I could not think of a more direct approach than that.
I had taken lessons from a million teachers, all proficient, mind you, and had gone on-line to view instructions and tips from countless other experts.
I was taught in person, and otherwise, all the sound technical and mechanical moves of the swing. You know them. One-piece takeaway, getting into the slot, hip movement before arms, etc. I am getting tense just listing a few.
What Google directed me to, was a teaching pro in his 60’s, in a seven-minute video with no accompanying audio, hitting golf balls, first with a pitching wedge, then a 7-iron, finally with a driver.
The method was called “Positive Impact Golf”, and the man behind the system was Brian Sparks whose headquarters was in Kent, in the United Kingdom.
He called it “Danse du Golf” and the swing he espoused, was precisely that.
It was all about movement. Yes, movement of the head, movement of the left foot, movement of the arms to the extend they fold back and through.

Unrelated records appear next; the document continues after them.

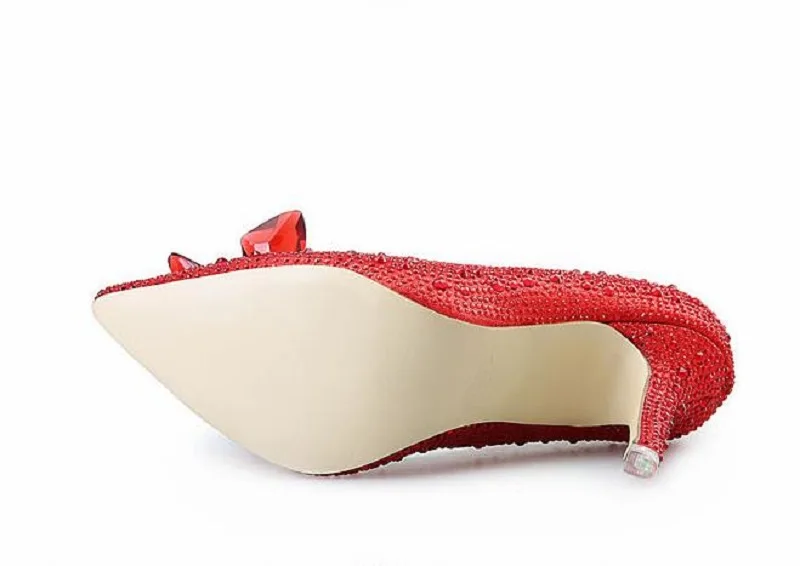 

Europe and the United States wedding shoes rhinestone women's shoes crystal shoes pointed high heels large size wedding shoes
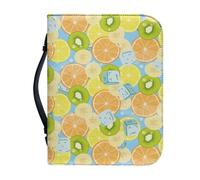 Ceudet Custodia per Bibbia per bambini, in pelle, extra large, per donne e uomini, Kiwi Arancione, M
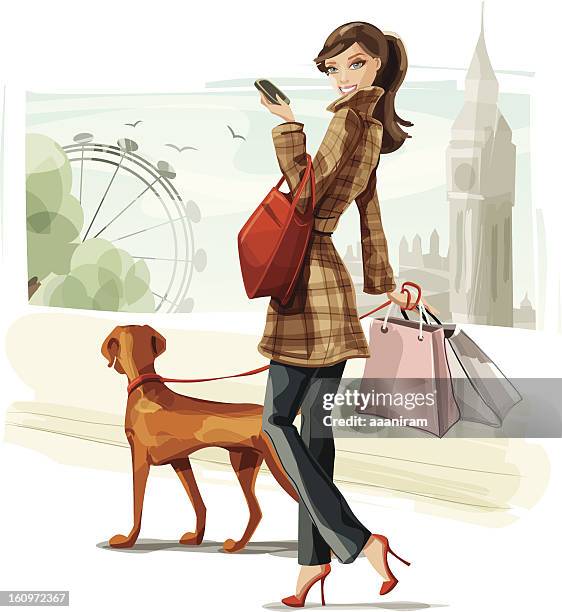 shopping in london - handtasche stock-grafiken, -clipart, -cartoons und -symbole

Many of you may be laughing. And if you’re in your 20’s. 30’s, 40’s and have learned the game since you caddied for your Dad when you were five, perhaps this approach isn’t for you. But if you’re a senior golfer, or approaching that stage, and have suffered back disorders or other physical ailments, I suggest you seriously read on.
I won’t describe what you can see for yourself, but I can emphatically say that my golfing outlook has improved considerably. Does that mean I have gone from a 16-handicap to an 8?
Don’t be silly.
But it means that I no longer wonder what swing I’ll have on a given day.
It means I no longer wonder what I did wrong on a given shot. It means I know what I should be doing without over-analysis. It means I enjoy the game so much more. It also means I am virtually tension-free and don’t grip the club nearly as tight as I used to.
There are no technical keys to the swing, which is the same for all clubs.
In fact, tension is the number one barometer as to how successful you are.
Brian Sparks invented the philosophy. A teaching professional named Julian Mellor, also in Great Britain, is the man seen on the many videos available on Google or U-tube.
Jamie and I have visited both with Brian and Julian on trips to England and Scotland. Jamie has been a huge beneficiary of what is now known officially as The Easiest Swing.
You don’t have to travel to get opinions on your swing.
Videos can be exchanged.
By the way, I am not a paid spokesman for The Easiest Swing. I would never use this space for a “commercial”. But I am an Ambassador, and gladly spread the word, because I believe. We all know how difficult the game of golf can be.
But it’s an incredible challenge that can be made to be more fun, less physically-aggravating, and perhaps more rewarding.
And what’s wrong with that?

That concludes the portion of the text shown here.